PAROLE, PAROLE…

La stampa odierna riporta la notizia intorno un raduno tenutosi ieri a Predappio, in memoria di sappiamo bene chi: basta la parola, come recitava un noto moto pubblicitario d’epoca. In modo particolare, viene dato rilievo al dato numerico della partecipazione: tremila persone, secondo ‘Repubblica’. Suggerisco un diverso modo di ricalcolare il numero di coloro che hanno dato vita e appoggio alla celebrazione: a mio parere, il numero andrebbe aumentato di tre-quattro unità, come minimo, vale a dire chi abbia pensato, chi abbia scritto, chi abbia controllato e infine approvato la titolazione dell’articolo che, riferito al celebrato, lo nomina “Duce”.
Poiché, a titolo personale, non intendo sottoporre a discussione – e, dunque, all’eventuale modifica delle mie idee in proposito – se si tratti o meno di questione di lana caprina e cioè, in definitiva, di una questione puramente semantica, mi limito alle seguenti osservazioni sulle quali, per contro, c’è molto da dire e ascoltare.
Detta in poche parole: chiunque, quindi ben oltre i tremila e spiccioli di cui sopra, ancora adesso, parlando di Benito Mussolini, lo chiami “Duce”, vale a dire utilizzando non solo un termine altamente onorifico – come è noto, o dovrebbe esserlo, riservato nell’antica Roma ai comandanti e ai condottieri – ma addirittura rinforzandolo con la maiuscola, ebbene costoro di fatto si fanno partecipi della pressoché quotidiana operazione di rispetto e di nostalgia in favore di qualcuno che ha fatto quello che ha fatto e non staremo qui a ripeterlo.
Non si tratta quasi mai né di cattiveria, né di doppiezza; che l’Italia non sia un Paese fascista, ma neppure antifascista è considerazione assodata, sol che la si voglia vedere e percepire con un minimo di attenzione.
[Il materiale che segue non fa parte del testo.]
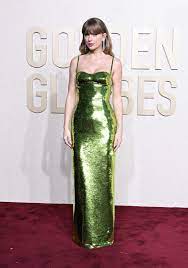 taylor swift glimmers in green on the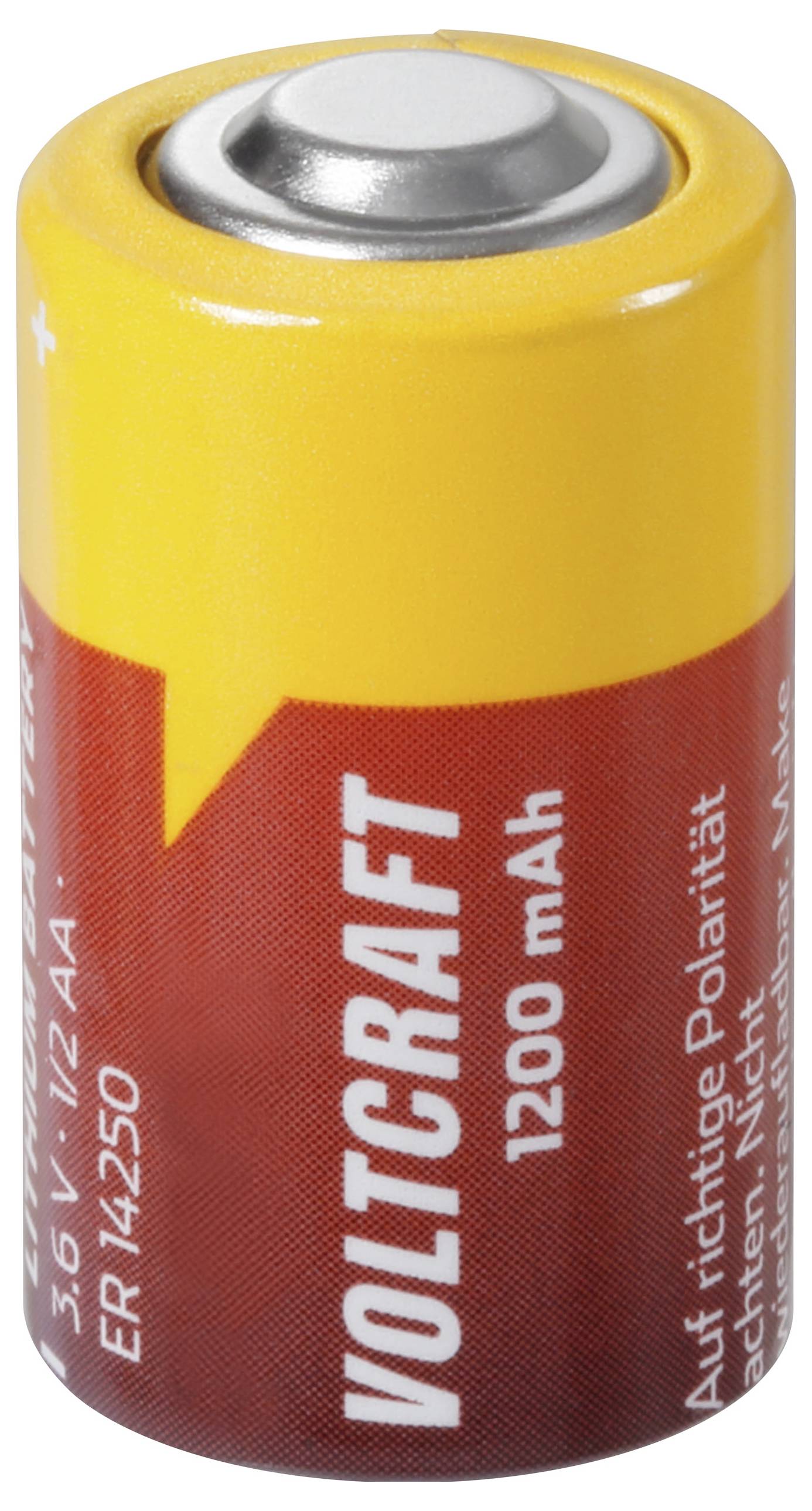 Nahaufnahme einer Voltraft-AA-Batterie mit gelb-rotem Etikett, 1200 mAh, zeigt den positiven Pol.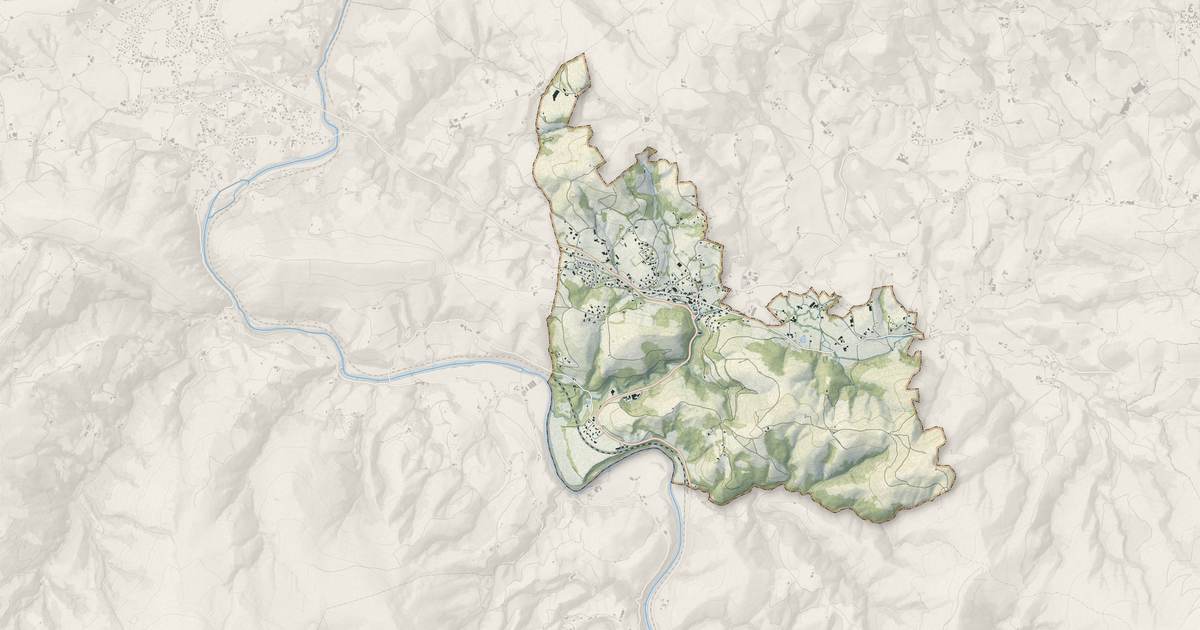 Portrait cartographique de Louhossoa : relief, eau, forêts, bâti et voies, calculés à partir des données de l'IGN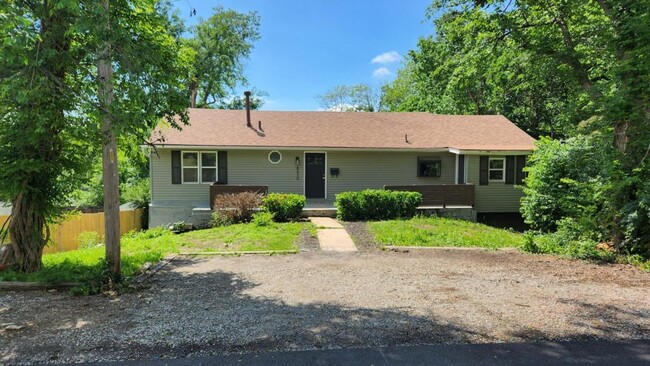 Building Photo - 8430 Oak St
E’ andata com’è andata: nel 1945 si rendeva storicamente necessario un repulisti radicale – non servivano, se non in limitatissimi casi, plotoni di esecuzione: sarebbero bastate delle collocazioni in carcere ovvero a riposo e al minimo di dignità pensionistica in numero di qualche decina di migliaia – e non è stato fatto: i risultati sono, da sempre, sotto gli occhi di tutti. L’albero della smemoratezza, puteolente per natura, ma nel nostro Paese fiorente in maniera perfino splendida, produce i frutti che sa e questo è quanto.
Che, poi, ognuno di noi o quasi conosca personalmente individui, anche solo a parole lontani dal fascismo e da quello che ha significato, i quali per l’appunto utilizzano, anche senza volerlo – sia detto alla siciliana – il termine ‘Duce’ quando, il giorno prima o quello dopo, chiacchierando con gli amici siano in grado di dire con assoluta disinvoltura che ‘ha ragione Nanni Moretti: chi pensa male, parla male e vive male…’, è un altrettanto certo dato di fatto e non rappresenta altro che un terribile mix di ignoranza e conformismo: i quali camminano fianco a fianco e mai separati, come il Gatto e la Volpe, a menare perennemente per il naso tutti i Pinocchi del nostro Paese, poveri di memoria e di nerbo vitale.